Monday, May 30, 2011
Comic Review: Rocketeer Adventures #1
As usual I can't think of a witty opening so let's take a look at the return of another pulp inspired hero to the comic racks.
Divided into three shorts stories, the first one by artist-writer John Cassaday, simply titled "The Rocketeer," finds the Rocketeer aka Cliff Secord in a stand off with the gangster Maroni and his henchmen over a stolen rocket. Complicating things is that Maroni has Cliff's girlfriend Betty as a hostage. Cliff acts fast and well gets a reward he wasn't counting on. The second story "Home Again," by Madman creator Mike Allred, finds Cliff and Betty having a brief reunion when Cliff returns from New York with a newer rocket from a mysterious stranger named Jonas. In exchange Cliff has go undercover to stop the "dark forces" that are now threatening the world. In the final story "Dear Betty..." written by Kurt Busiek with art by Michael Kaluta we find Betty on her own with Cliff off to war. The letters he sends helps her through the hard times but when the stop coming she begins to fear the worst.
Some confession time folks: My first exposure to The Rocketeer was the 1991 Disney film (probably the last really great live action film they made) and then I discovered Dave Stevens' original comics.
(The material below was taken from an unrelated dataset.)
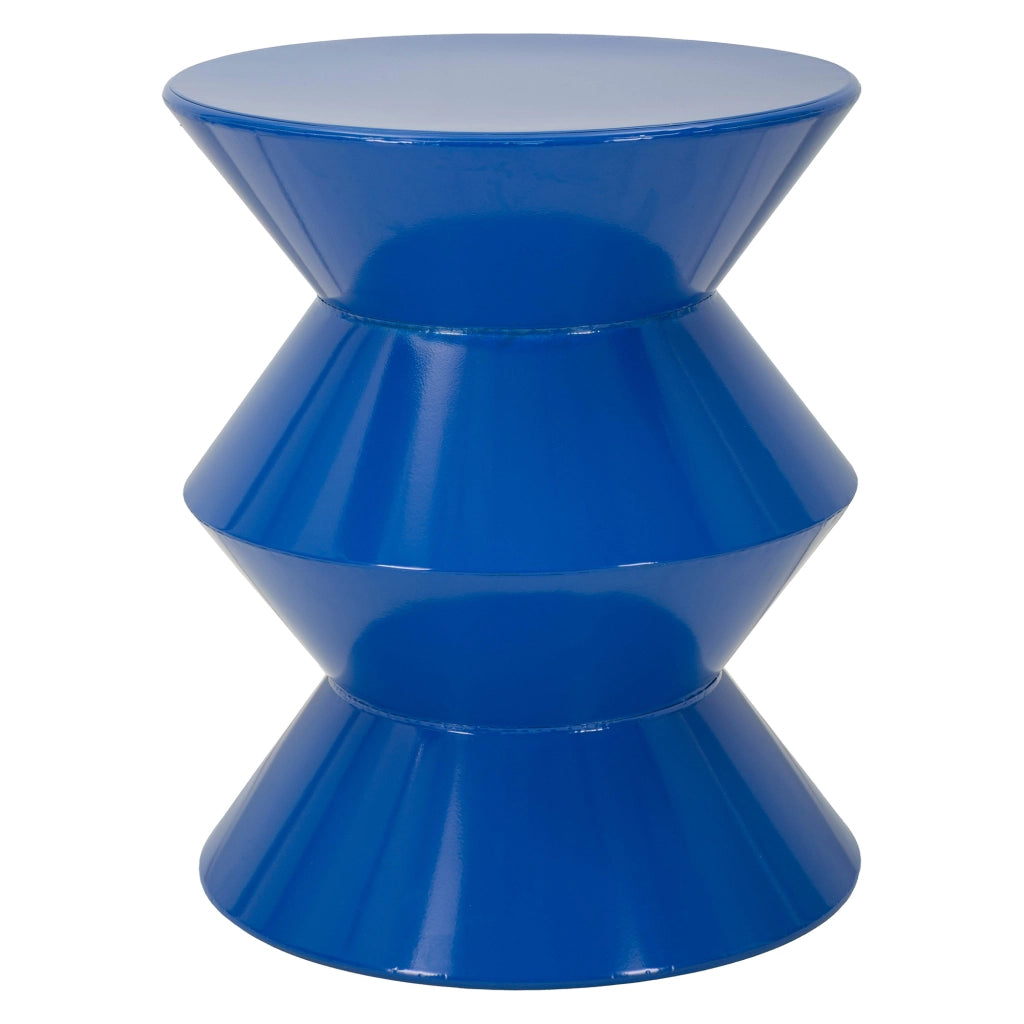Ilam, Tavolino da Salotto Design Moderno, 40x50x38h cm blu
Tapping into the same formula as Raiders of the Lost Ark, I loved the comics and the film's fun and light hearted tone and the homage to classic matinee fare like King of the Rocket Men. So when I saw this on the shelf I immediately snapped it up. And it was worth the price. The three stories are different enough but inter connect to tell a long form story with some surprises thrown in. I probably liked the last one best. For anyone who has had to deal with separation from loved ones due to war Busiek touches on the subject with warmth and compassion, helped by Kaluta's art. Following that the first one is a fun, good guys vs bad guys story with humor while the second one is OK. I felt it did suffer from being the middle story and being constrained by the shortness of the story-it felt like there was more to it that was missing. But that's a minor complaint.
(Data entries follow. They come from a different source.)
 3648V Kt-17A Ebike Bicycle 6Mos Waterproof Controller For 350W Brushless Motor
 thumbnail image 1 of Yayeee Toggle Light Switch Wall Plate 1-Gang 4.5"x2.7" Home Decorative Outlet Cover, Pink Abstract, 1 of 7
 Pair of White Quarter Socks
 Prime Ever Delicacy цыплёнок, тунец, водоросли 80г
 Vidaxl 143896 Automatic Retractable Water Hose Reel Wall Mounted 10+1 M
The artwork is also top notch, capturing the look of the world Stevens created while offering enough wiggle room for each artist to work in. I also have to mention the cool Alex Ross cover (shown above) and two good pin-ups, one by Mike Mignola (image the Rocketeer meets Hellboy) and Jim Silke and you have a good start to what I hope is a successful series. And with issue promising such talents like Darwyn Cooke and Mark Waid it might be.
So breaking the usual lack of ratings for individual comics I'm giving this one the full **** out of 4. Fans of both the comics and those only familiar with the movie will I think enjoy this.